--- EXERCISE DATA ---

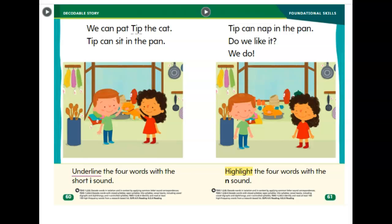Underline the four words with the short I sound. Remember, those words make the I sound. Tip can nap in the pan. Do we like it? We do.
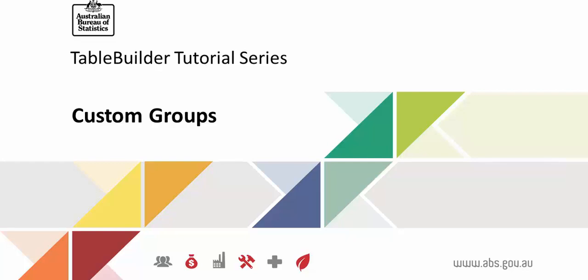Welcome to the Table Builder tutorial series. In this video we will look at how to create custom groups so that you can find the exact data that you are after.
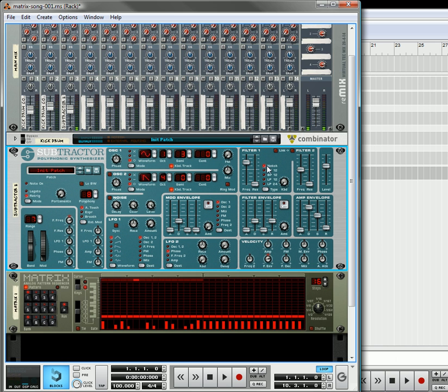So the filter I'm going to use is going to be a notch filter. Oops, let's keep that on. I am going to turn this on.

---

EXERCISE DETAILS:
Exact reproduction is required. Output only the lines from the one with "Welcome to the" through the end of the listing above, both ends included, and no pictures.

WRITTEN RESPONSE:
Welcome to the Table Builder tutorial series. In this video we will look at how to create custom groups so that you can find the exact data that you are after.
So the filter I'm going to use is going to be a notch filter. Oops, let's keep that on. I am going to turn this on.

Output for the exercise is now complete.